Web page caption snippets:
Start of Block

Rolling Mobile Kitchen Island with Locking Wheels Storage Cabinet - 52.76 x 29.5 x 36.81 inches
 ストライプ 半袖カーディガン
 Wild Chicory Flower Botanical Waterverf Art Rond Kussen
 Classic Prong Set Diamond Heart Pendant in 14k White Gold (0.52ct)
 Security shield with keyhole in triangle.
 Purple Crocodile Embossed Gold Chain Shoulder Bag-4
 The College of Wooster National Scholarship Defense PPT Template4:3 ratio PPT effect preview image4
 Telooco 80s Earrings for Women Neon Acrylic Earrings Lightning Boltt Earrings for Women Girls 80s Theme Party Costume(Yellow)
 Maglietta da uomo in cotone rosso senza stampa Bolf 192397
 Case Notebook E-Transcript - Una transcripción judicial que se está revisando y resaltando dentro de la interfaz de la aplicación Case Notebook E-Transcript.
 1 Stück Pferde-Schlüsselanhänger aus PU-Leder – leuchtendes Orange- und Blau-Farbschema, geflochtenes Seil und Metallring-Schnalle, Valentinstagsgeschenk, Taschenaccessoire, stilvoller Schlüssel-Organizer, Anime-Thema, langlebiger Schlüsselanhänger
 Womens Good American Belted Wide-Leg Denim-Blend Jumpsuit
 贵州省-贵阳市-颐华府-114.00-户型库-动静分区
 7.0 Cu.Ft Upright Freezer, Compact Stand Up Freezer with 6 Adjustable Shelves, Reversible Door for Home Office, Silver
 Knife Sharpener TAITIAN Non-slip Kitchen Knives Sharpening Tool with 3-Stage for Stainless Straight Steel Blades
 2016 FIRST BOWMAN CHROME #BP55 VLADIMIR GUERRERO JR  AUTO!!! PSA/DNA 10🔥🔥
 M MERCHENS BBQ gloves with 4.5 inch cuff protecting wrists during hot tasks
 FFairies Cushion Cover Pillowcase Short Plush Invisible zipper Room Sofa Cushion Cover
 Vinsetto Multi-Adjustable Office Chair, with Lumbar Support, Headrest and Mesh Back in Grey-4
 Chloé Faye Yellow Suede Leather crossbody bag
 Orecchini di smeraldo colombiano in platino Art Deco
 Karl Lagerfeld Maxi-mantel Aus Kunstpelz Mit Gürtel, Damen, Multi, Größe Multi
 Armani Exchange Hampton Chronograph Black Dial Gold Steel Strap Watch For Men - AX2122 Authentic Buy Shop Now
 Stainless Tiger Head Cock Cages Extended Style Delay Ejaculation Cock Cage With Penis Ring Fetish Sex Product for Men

End of Block

__WORK TO COMPLETE__: What you should output is every line of the records above, from the first through the line containing "The College of", unchanged.

__EXERCISE SOLUTION__:
Rolling Mobile Kitchen Island with Locking Wheels Storage Cabinet - 52.76 x 29.5 x 36.81 inches
 ストライプ 半袖カーディガン
 Wild Chicory Flower Botanical Waterverf Art Rond Kussen
 Classic Prong Set Diamond Heart Pendant in 14k White Gold (0.52ct)
 Security shield with keyhole in triangle.
 Purple Crocodile Embossed Gold Chain Shoulder Bag-4
 The College of Wooster National Scholarship Defense PPT Template4:3 ratio PPT effect preview image4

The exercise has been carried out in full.